I thought it might be interesting to discuss some design considerations of Stolen Notebook Tools.


Goals

One of the most important things to keep in mind when making tools is tool automation. Getting all assets from one end of the asset pipeline to the other with a single command is not only cool, it’s a massive time savings. Tools need to be easy to run from scripts. With scriptable tools it becomes very easy to tie tools together into a pipeline, or run a tool on an entire directory of files, etc.

While tools need to be accessible to scripting, they also need to be easy to for people to use. If a user is going to use a tool directly it must have a UI. Users are more comfortable using a tool with a UI and user error can be reduced by using well known interfaces such as file browsing. Further, a tool with a well designed UI can make the functionality of the tool much more understandable.

So, how does one create a tool that is accessible for scripting yet has a fantastic UI? By breaking the tool into two parts:

  1. A command line program containing the tool’s functionality
  2. A GUI program that generates calls to the tool executable

This structure achieves of all my goals. A tool can be used in a script by executing the command with arguments. The tool also has a nice interface for users.

An example is in order.


SN Material

SN Material exports materials contained in a collada file to Catharsis materials. It also copies all data files (textures, shaders, etc) used by a material into the proper location in the catharsis directory.

The command line interface for SN Material has the following parameters:

-r The Catharsis root directory
-m The module (subdirectory Catharsis root) to export into
-f The Collada file to export materials from
-n The name of the material to export. If this is not present, all materials are exported.

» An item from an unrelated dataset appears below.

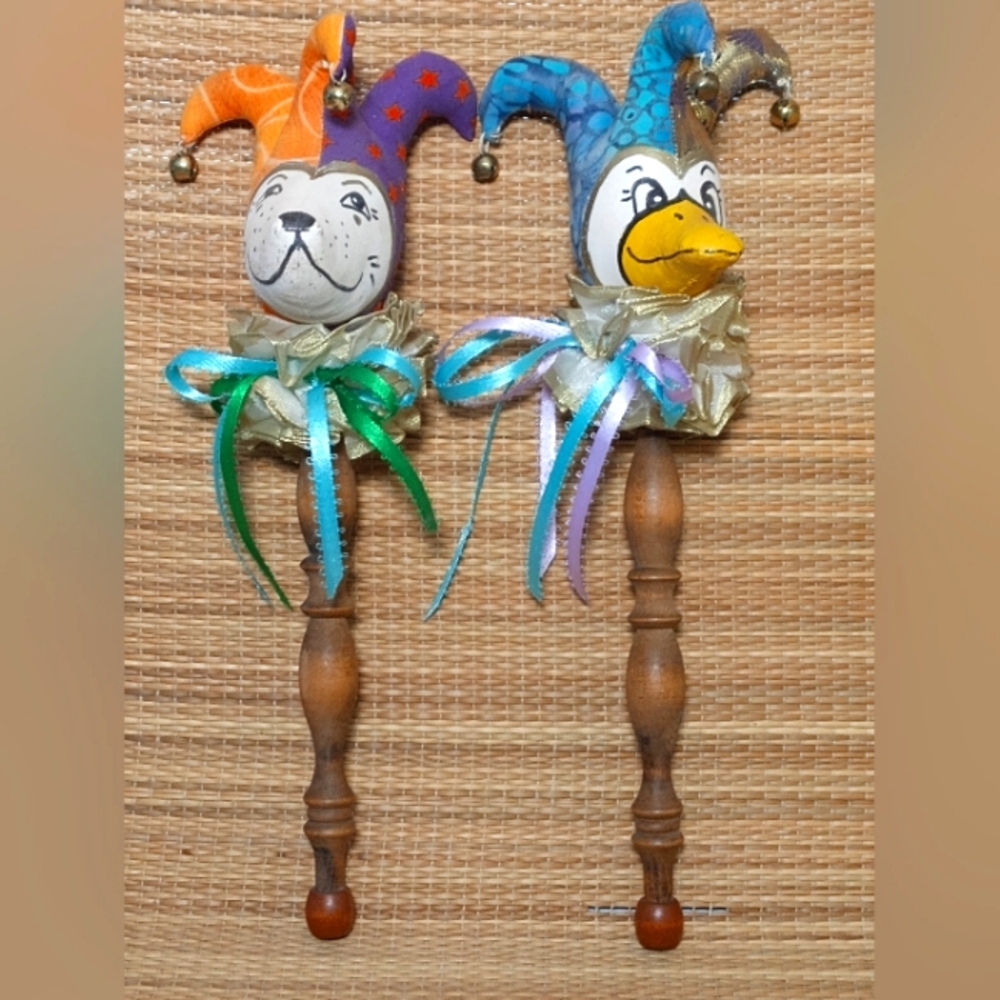 Pair of Renaissance Victorian style baby rattle toys vintage VTG duck dog jester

This tool might be run with:

snmaterial -f example.dae -r “f:/catharsis” -m “test”

This exports all materials in example.dae and copies all material data files to the module ‘test’ in f:/catharsis.

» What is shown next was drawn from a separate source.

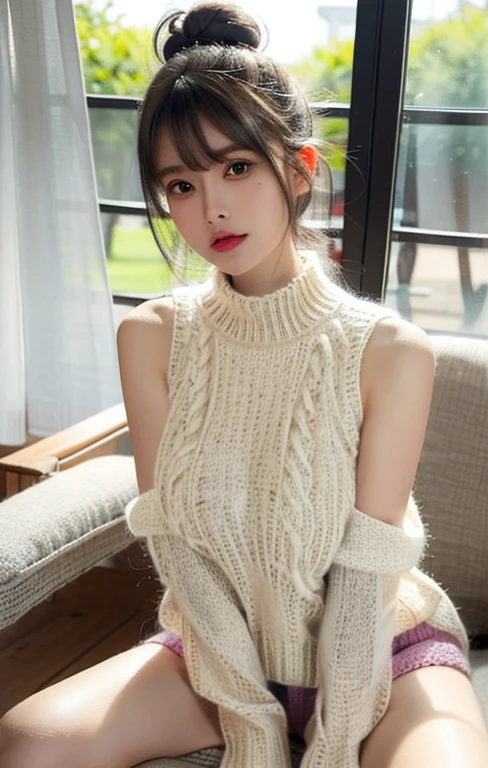 ( masterpiece, precise, Anatomically_correct, Texture_skin, excellent_detail, the best_quality, 1080P, HD, 4K, 8K, 16K), (beautiful_detailed_Eyes, beautiful_detailed_Lips, extremely_detailed_Eyes_and_Face), Soft_light, Physically based_Rendering, vivid_color, (Large target_breast:1.5), (short hair_thin braids_Bun hairstyle), (shining_hair, shining_skin, Face红), (Bangs:1.5), Eye_reflection, (Bokeh), 微lol_and_lol, (sleeveless_sweater_knitting:1.5) ,stockings,(sit on the chair,Spread your legs:1.3),See panties, look at genitals。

A script can easily assemble an snmaterial command. It would be a simple task to create a script that would export all materials from all collada files in a directory. More complicated functionality is not difficult.

In fact, the UI interface is just a script. This script creates a nice interface for the tool, assembling arguments to the command line tool and executing it.

I use Python for scripting and wxPython for creating GUIs. Although, any scripting language and widget library can be used since the UI is only bound to the tool through text commands. The previous command looks like this in the SN Material GUI.

SN Material

As can be seen, this UI is much easier to understand than the command line tool. The user can just run the UI for the tool and will understand the tool much more quickly without having to lookup and memorize command line parameters and flags.

An unexpected benefit of this design is that I can modify and recompile the underlying tool while the UI is still running. While working on SN Material I just leave the UI open, recompile snmaterial.exe and test the exporter with a click.